Prompt ::
Any picture in the listing is left out of the copy; all else is duplicated exactly.

Data block ::

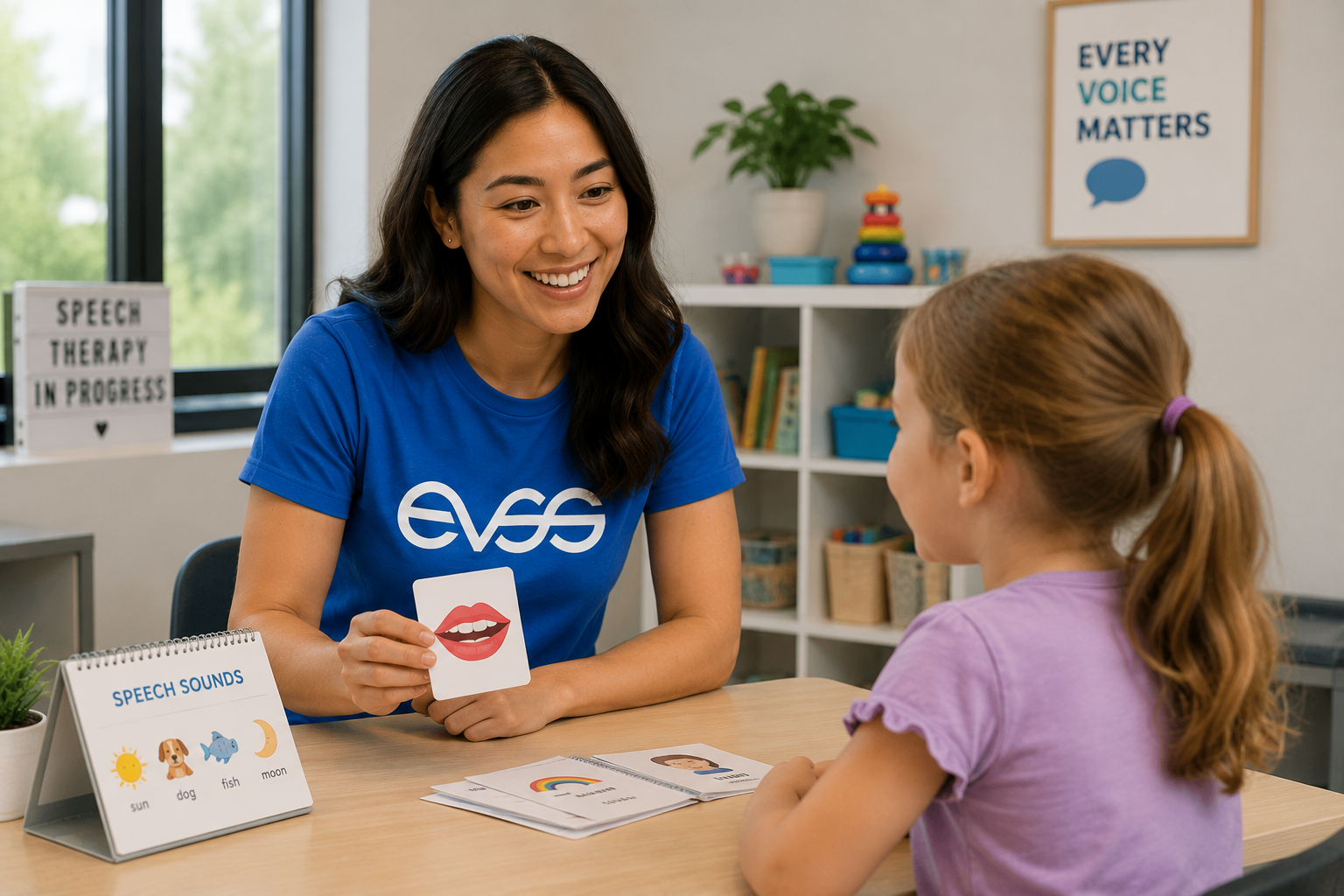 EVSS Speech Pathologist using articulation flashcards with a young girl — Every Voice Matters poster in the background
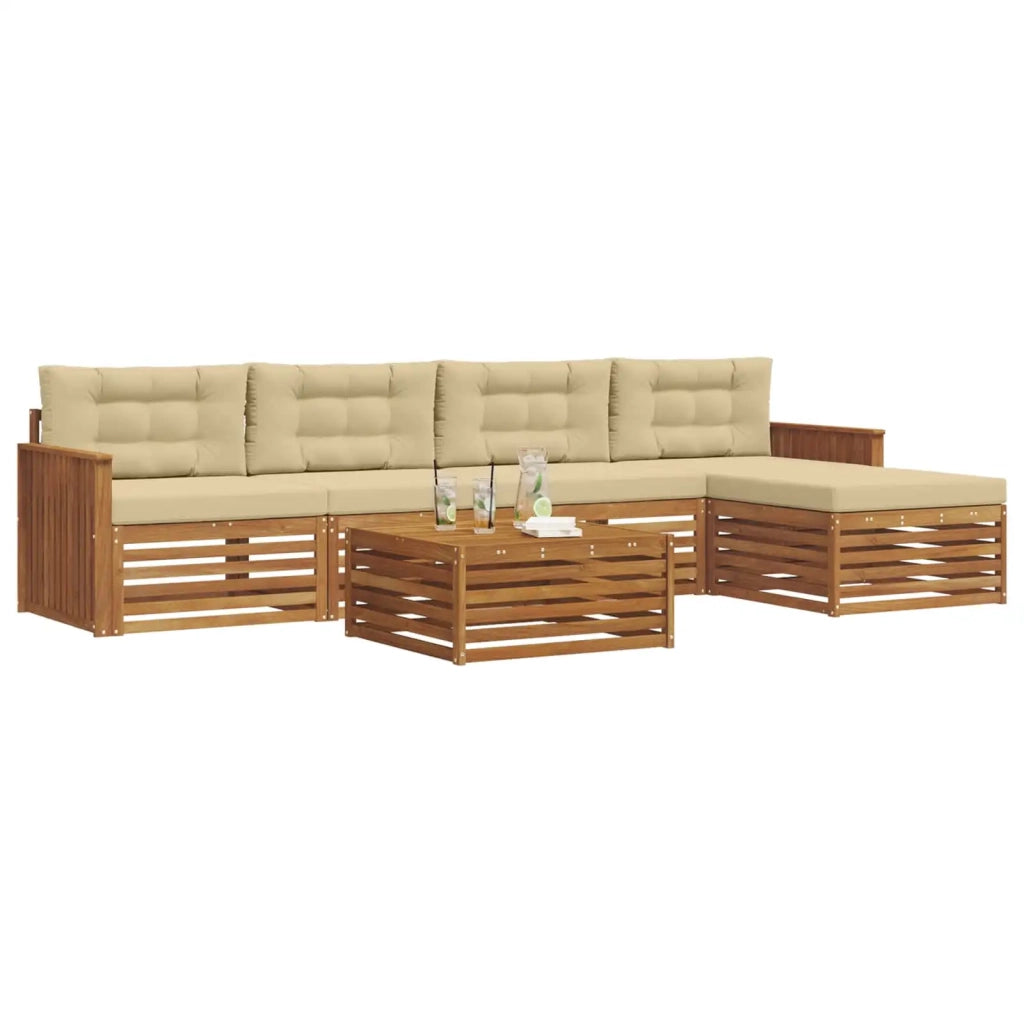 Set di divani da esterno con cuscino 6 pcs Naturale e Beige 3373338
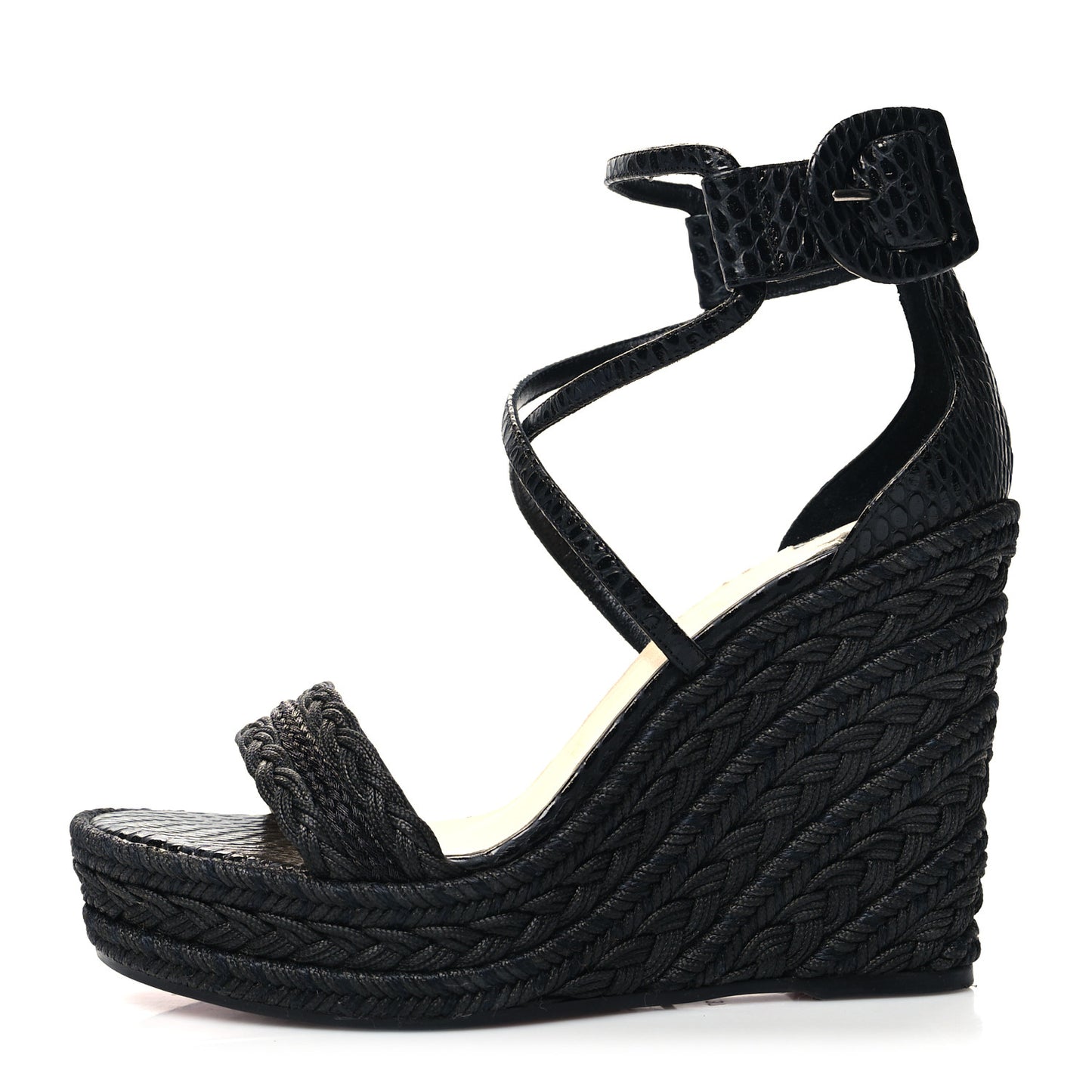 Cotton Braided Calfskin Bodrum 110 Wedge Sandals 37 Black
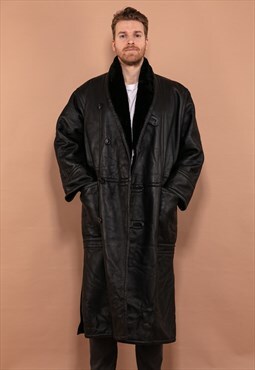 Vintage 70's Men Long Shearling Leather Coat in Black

Exercise response ::
 EVSS Speech Pathologist using articulation flashcards with a young girl — Every Voice Matters poster in the background
 Set di divani da esterno con cuscino 6 pcs Naturale e Beige 3373338
 Cotton Braided Calfskin Bodrum 110 Wedge Sandals 37 Black
 Vintage 70's Men Long Shearling Leather Coat in Black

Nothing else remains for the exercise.